Il rappelle la jurisprudence du Conseil d’Etat à cet égard, pour qui, si l’employeur public dispose d’un ius variandi « largement plus vaste » (selon les termes du jugement du Tribunal du travail de Liège du 11 janvier 2018, cité – précédemment commenté) que celui de l’employeur privé, il doit respecter le principe de bonne administration et exercer son pouvoir de façon raisonnable. L’exercice anormal de celui-ci peut en effet déboucher sur un abus de droit ou constituer une sanction disciplinaire déguisée, notamment.

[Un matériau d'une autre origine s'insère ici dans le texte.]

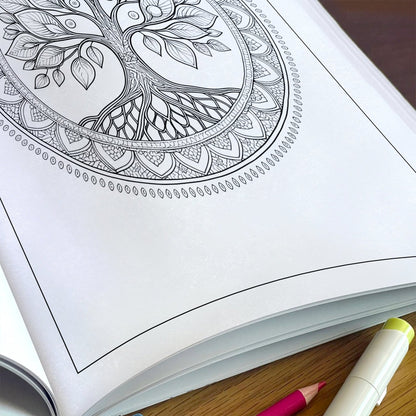 Mandala Forest – Tree Mandala Coloring Pages – 48 Pages – Detailed, Spiritual, Symmetrical Patterns – For Adults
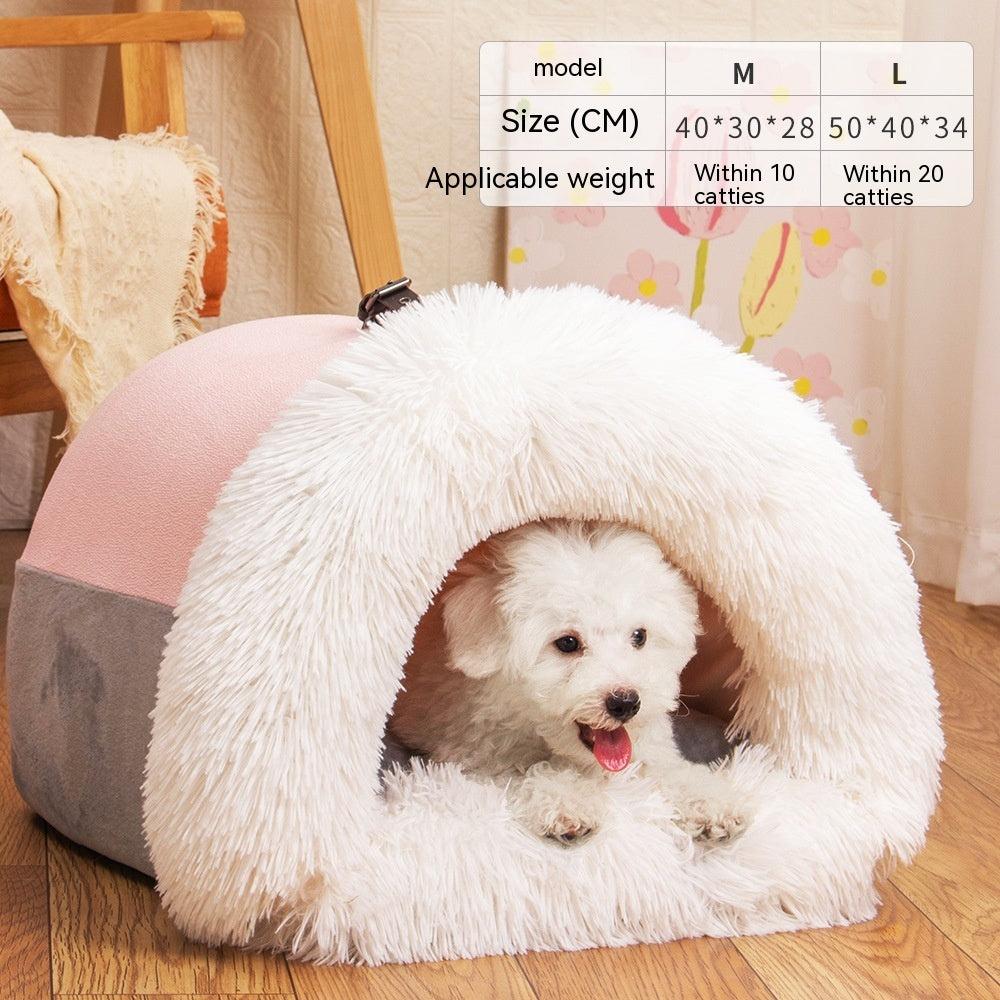 Cama cálida portátil para perros y gatos – Pelo largo, antihumedad, ideal para invierno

Relevons que, le même jour, le Tribunal du travail de Liège (division Liège) (autre chambre), saisi également d’une demande d’indemnisation visée à l’article 32tredecies de la loi, a rappelé qu’une demande d’intervention psychosociale formelle qui ne concerne pas des faits de violence ou de harcèlement moral ou sexuel au travail ne donne pas lieu à une protection contre le licenciement. Sur la question de dommages et intérêts également postulés, résultant du harcèlement et des manquements de l’employeur, le tribunal (qui a également fait un rappel de la notion de « harcèlement », et particulièrement de celle de d’« agression ») a conclu qu’il faut distinguer le harcèlement de la « maltraitance managériale », à savoir le comportement tyrannique de certains dirigeants caractériels qui font subir une pression terrible à leurs salariés ou qui les traitent avec violence, en les invectivant, en les insultant, sans autrement les respecter. Ce sont les propos de Mme Marie-France HIRIGOYEN (M.-F. HIRIGOYEN, Le harcèlement moral dans la vie professionnelle : démêler le vrai du faux, Pocket, 2001, p. 33). Ce faisant, le tribunal a clairement rappelé que l’atteinte doit être individuelle et non collective. Il a conclu en l’espèce à l’absence de harcèlement moral, l’atteinte individuelle faisant défaut (Trib. trav. Liège, div. Liège, 3 septembre 2021, R.G. 19/1.783/A).